Puis il y eût des conquérants qui partaient après un conclave convertir des continents avec des objets contondants pour concasser la tête du con un peu bronzé d'en face lors de combats sanglants.

Au siècle des Lumières, il y a eu des contemplatifs illuminés assoiffés de connaissance.

Puis il y eut des contre-révolutionnaires qui se faisaient condamner à mort par des cons citoyens constituants.

Au début du XXème siècle sont apparues des cons citoyennes ce qui n’a pas du tout empêché les conflits continentaux.

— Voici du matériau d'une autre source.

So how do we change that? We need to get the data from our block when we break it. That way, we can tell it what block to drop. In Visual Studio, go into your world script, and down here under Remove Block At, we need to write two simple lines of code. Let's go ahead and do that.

Consécutivement des jeunes contestataires ont jeté des pavés sur des contingents de contractuels, pour la contraception, sous le regard consterné de leur contribuables de parents.

Et maintenant, il y a les consommateurs…

L’histoire est constellée de cons… L’espace aussi : chaque mètre carré est occupé par un con, qui pense ne pas en être un…

Et pourtant… il est inévitable de passer du petit con au vieux con… Le tout est de faire en sorte d’échapper aux étapes intermédiaires genre sale con, pauvre con, et surtout gros con…

Mais c’est impossible…

Ce que j’aimerais bien savoir… c’est de qui je suis le con (à part de moi…)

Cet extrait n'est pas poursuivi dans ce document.